Dear Valentino Garavani,
I just finished watching a movie about you entitled Valentino: The Last Emperor and I was on the verge of tears at the end. I think I knew that you had retired, but I must have pushed it out of my mind because it’s such a depressing thing to think about. This movie made me fully realize what a real loss your retirement was to the fashion industry.
You sir, are still one of the most brilliant and creative minds to ever have graced the famous realm of this world. I have admired your couture collections for many, many years. I remember sitting around watching Fashion TV, engrossing myself in your genius as it would come down the runway and always aspiring to design with the fervor and supremacy that is clearly “Valentino“.
You have been one of my style inspirations for a very long time. I continue to fall in love with your work every time I see it. No one could ever do couture the same way you did. You have an eye for fine detail and superb elegance that makes your work unique and perpetually alluring for generations to come.

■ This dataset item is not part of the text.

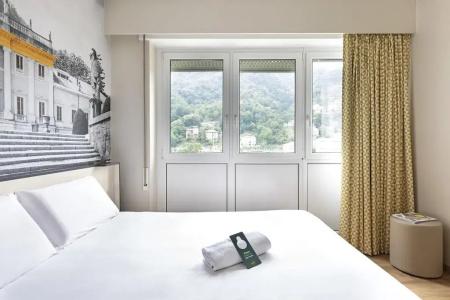 b&b Como City Center - 23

Also, I find you as a person to be much like me. You live in the “fantasy” of your own world. You care not about the business part of it, the finances, what have you. I understand these are important things, but you and I both prefer to live in the world of luxury, glamour, and pure, unadulterated fashion. To us, there is nothing more important than making someone happy because they’re wearing something that exudes opulence.
Valentino, I must admit that the entire time I was watching this movie I thought to myself (and out loud to my mom) that one day, I hope to be even half as amazing as you. You wonderful, amazing man. I want to be celebrated by the world for my achievements as you were at your 45th Anniversary Party. I also want to be your friend so that we may converse in broken (on my part) Italian, go skiing in the Alps, yachting in Venice, and have photoshoots in Rome. In plainer words, I want to be as fucking awesome as you, Mr. Valentino.

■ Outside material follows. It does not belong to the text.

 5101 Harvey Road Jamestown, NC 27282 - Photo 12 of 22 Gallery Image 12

I want to be equally as vain and self-righteous. I want to have my initials on the back of models’ stockings, and in sculptures and in the background of the runways. I want to have fucking Andy Warhol paintings of my face on my goddamn yacht. I want people to bend over backwards to make me happy if I don’t like the way something is shaping out. I want to be that amazing and powerful, yet at the same time, reserved and collected. You embody the kind of power I want to have. You are one of my “heroes” if I were to say I actually have any.
I hope you’re yachting the shit out life and skiing in the Alps with Giancarlo, happily enjoying a very well-deserved retirement.